Ce boson de Higgs est cependant toujours fort mal connu et c’est une des missions du LHC, l’accélérateur de particules du CERN, de mieux le connaître. Plus une particule est lourde, plus elle va interagir avec le champ de Higgs. Il était donc tentant d’essayer d’étudier ce phénomène avec la plus lourde d’entre elles, le quark top. Mais celui-ci est tellement lourd qu’il n’est pas possible pour le boson de Higgs de se désintégrer en deux quarks top. Que faire alors ? Susciter l’apparition de bosons de Higgs en association avec deux quarks top (ou plutôt un top et un anti-top). Un phénomène prédit par la théorie, qui s’appelle production ttH, mais, pas de chance, fort rare car seulement 1% des bosons de Higgs sont produits de cette façon. Les scientifiques des collaborations CMS et ATLAS du CERN ont donc fait se rencontrer des protons. Beaucoup de protons, plus de 150 milliards de collisions ! Bingo : les chercheurs ont observé la production simultanée du Higgs et des deux quarks ainsi que le couplage, l’interaction entre les eux types de particules(1).

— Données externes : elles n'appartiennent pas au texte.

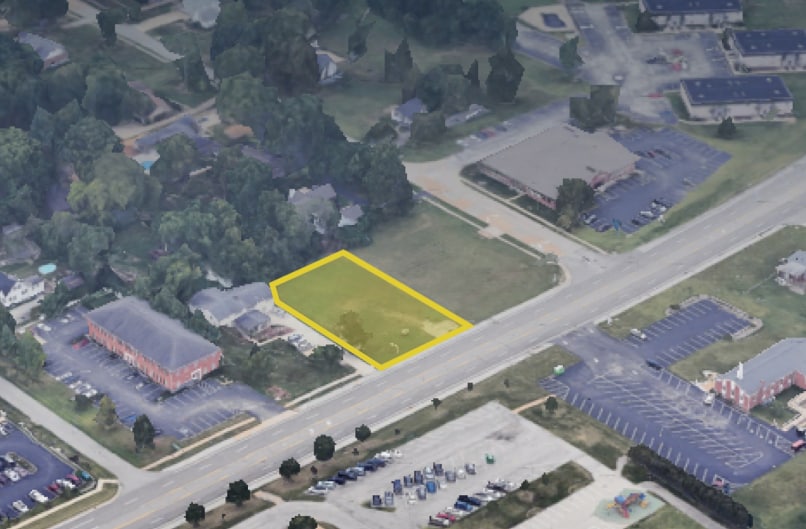 12134 Tesson Ferry Rd, Saint Louis, MO for sale - Primary Photo - Image 1 of 1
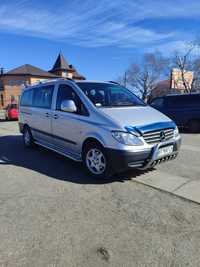 Mercedes-Benz Vito 115 cdi пасажир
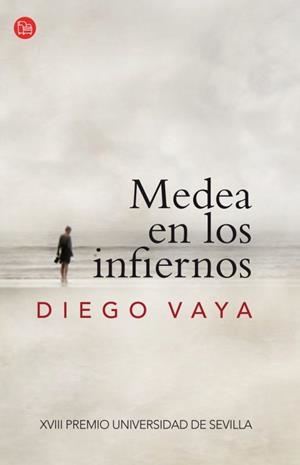 MEDEA EN LOS INFIERNOS | 9788466327305 | VAYA, DIEGO | Galatea Llibres | Llibreria online de Reus, Tarragona | Comprar llibres en català i castellà online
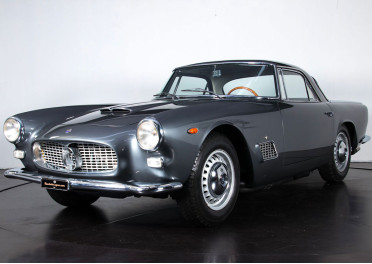 Complete Guide to Key Maserati Parts: Maserati Parts and Maintenance Handbook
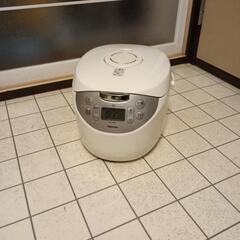 炊飯器売ります!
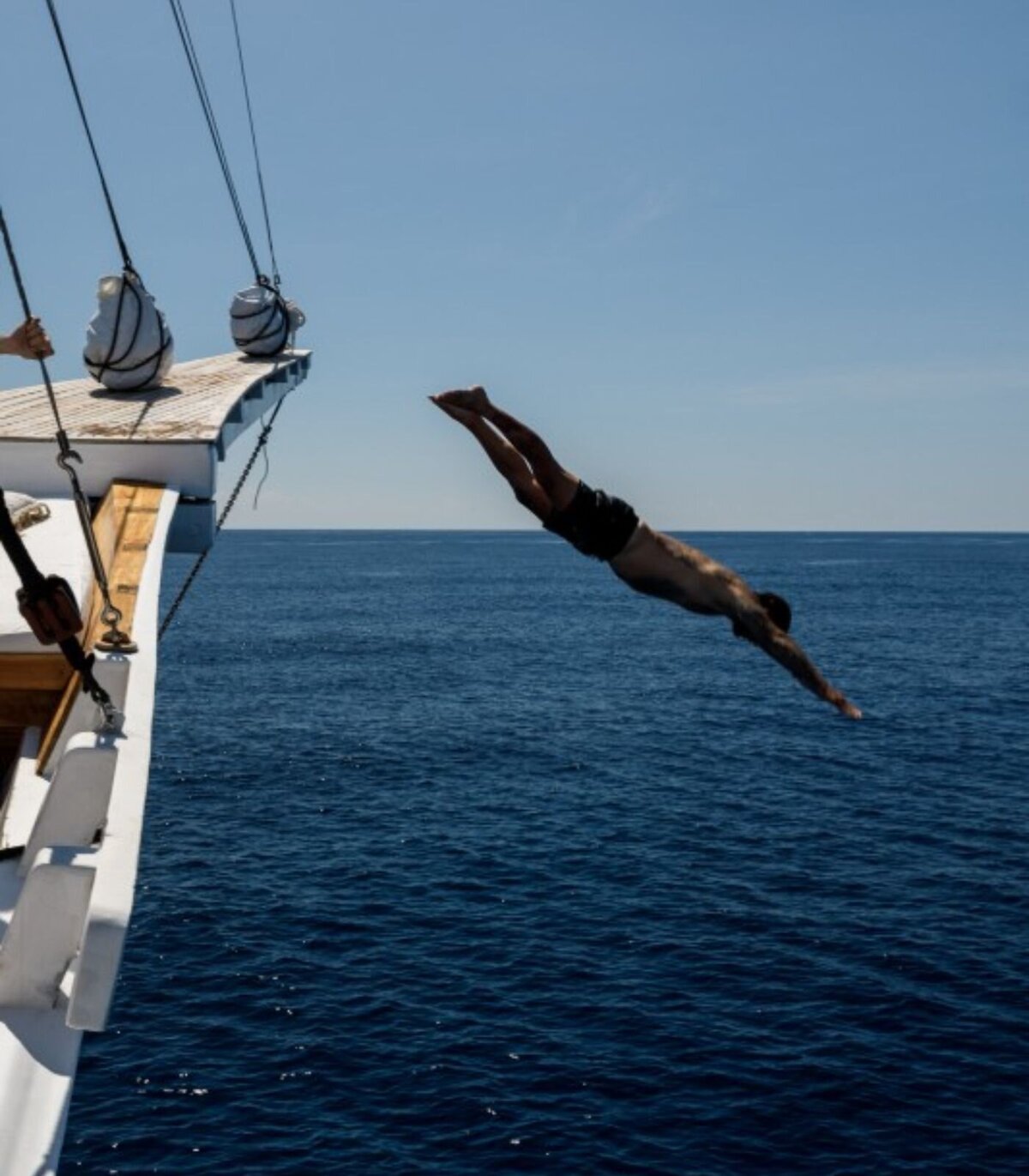 Papua Diving Holiday Luxury Yacht Indonesia 3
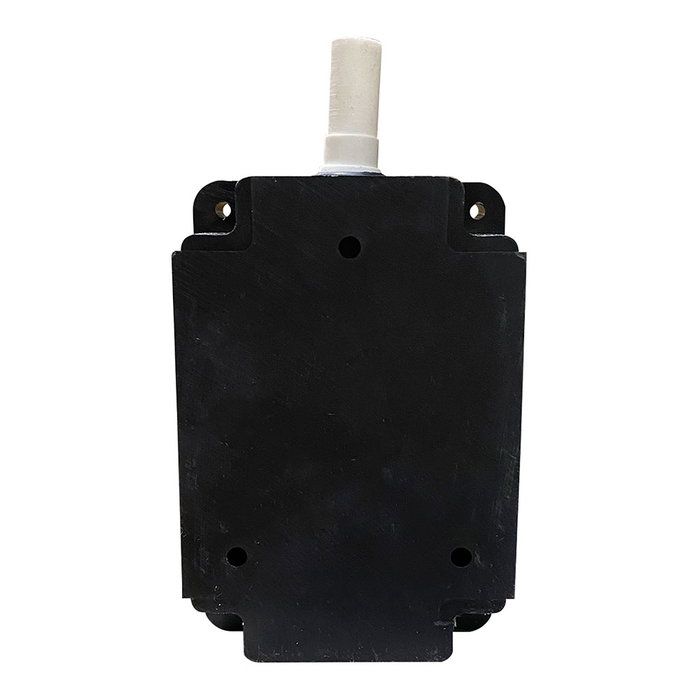 Micel Mecanismo para Torno de Persiana Empotrar PR17 Negro Micel Mecanismo para Torno de Persiana Empotrar PR17 Negro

« Cela nous renseigne sur la force entre quark et  boson de Higgs, explique Christophe Delaere. Notre but est d’essayer de comprendre comment les deux interagissent pour en tirer des renseignements sur d’éventuelles particules encore plus lourdes qu’on est incapables d’observer à l’heure actuelle et qui pourraient elles aussi se connecter au boson. » Car là est bien le but final : prendre en défaut le Modèle Standard et s’engager dans la voie d’une nouvelle physique. Ce qui n’est pas encore le cas aujourd’hui : les mesures et observations publiées ce 4 juin s’intègrent parfaitement dans le Modèle Standard !

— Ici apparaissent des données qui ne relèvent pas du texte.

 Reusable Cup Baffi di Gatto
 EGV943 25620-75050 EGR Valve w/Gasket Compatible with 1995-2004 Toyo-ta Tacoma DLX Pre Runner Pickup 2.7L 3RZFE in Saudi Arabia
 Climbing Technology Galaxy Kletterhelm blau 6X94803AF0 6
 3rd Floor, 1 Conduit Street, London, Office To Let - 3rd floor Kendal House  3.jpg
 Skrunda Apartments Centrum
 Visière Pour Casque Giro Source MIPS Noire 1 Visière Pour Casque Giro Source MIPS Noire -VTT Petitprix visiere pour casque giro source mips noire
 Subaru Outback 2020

Et maintenant ? « Nous avons mesuré la probabilité de la production ttH avec une précision de 30%, explique Christophe Delaere, mais nous continuons de collecter des données et nous espérons pouvoir réduire fortement l’incertitude sur la mesure d’ici quelques années pour être vraiment certains de l’accord avec le Modèle Standard. 30% d’incertitude reste une grosse inconnue et en soi, cela ne nous permet pas encore de dire des choses très précises sur le mécanisme de la masse et le rôle du Higgs. Nous  repoussons donc les limites mais nous ne fermons pas la porte à une nouvelle physique. »

Contribution louvaniste

L’UCL a un groupe d’une trentaine de personnes qui sont impliquées dans la collaboration CMS. « Ce groupe a une spécificité, selon Christophe Delaere : être composé à la fois de théoriciens et d’expérimentateurs en dialogue permanent. »  Ainsi, on doit au professeur Fabio Maltoni d’avoir proposé, voici déjà une quinzaine d’années, d’explorer la voie de la production ttH. De son côté, Andrea Giammanco a été le coordinateur de toute la physique du quark top pendant plusieurs années.

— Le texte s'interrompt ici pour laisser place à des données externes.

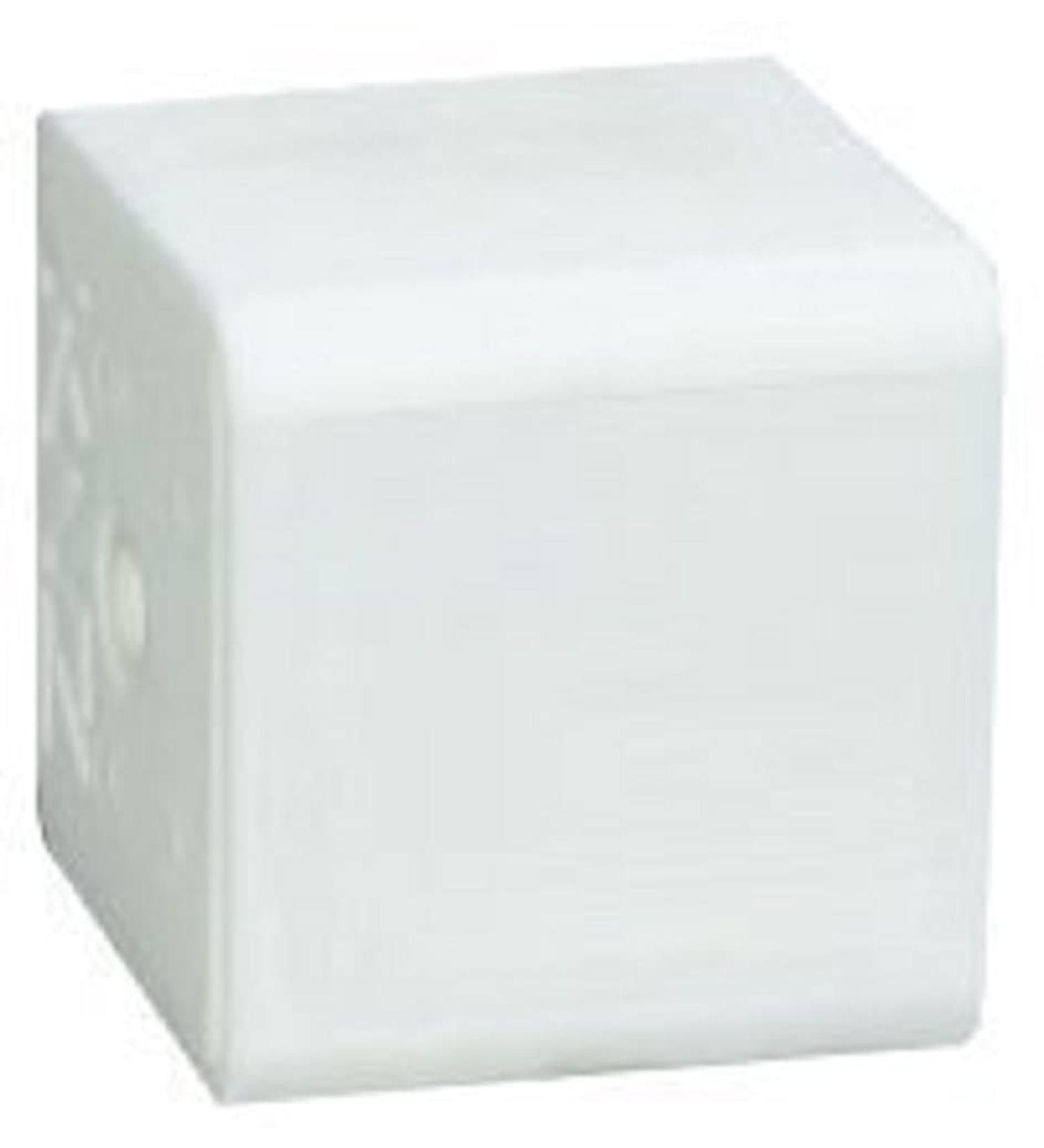 Ralinger Salt Lickstone 10 kg White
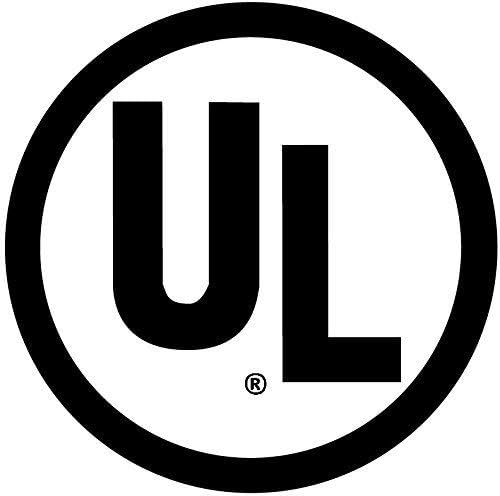 Miniatura 7 de Juego de 200 luces de Navidad multicolor para interiores y exteriores, 41 pies, iluminación incandescente, cable verde, función intermitente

Pendant ce temps, Giacomo Bruno, Vincent Lemaître et Christophe Delaere se sont intéressés à la physique des bosons de Higgs et notamment la production de paires de tels bosons qui permet de comprendre le couplage du boson avec lui-même. Tout en ne négligeant pas le fonctionnement du détecteur, particulièrement la construction du trajectographe qui est au centre du CMS et permet de reconstruire les trajectoires des particules chargées qui sortent des collisions.

Henri Dupuis

 

(1)Observation of ttH production, CMS collaboration, Physical Review Letters, 2018.

 

 

 

 

Coup d'oeil sur la bio de Christophe Delaere

2017-            Maître de recherche FNRS
2009-2017   Chercheur qualifié FNRS
2009 -           Professeur UCL, IRMP (Institut de recherches en mathématique et physique)
2008-2009    Chargé de recherche FNRS
2006-2008    ‘Scientific fellow’, CERN (Centre européen d’études nucléaires), Genève
2005-2006     Post-doc, UCL, Institut de Physique nucléaire (FYNU)
2002               Prix de la société belge de physique
2001-2005     Doctorant, aspirant FNRS, UCL, Institut de Physique nucléaire (FYNU)
Thèse sur la désintégration du boson de Higgs du modèle standard à la fois dans les expériences ALEPH et CMS.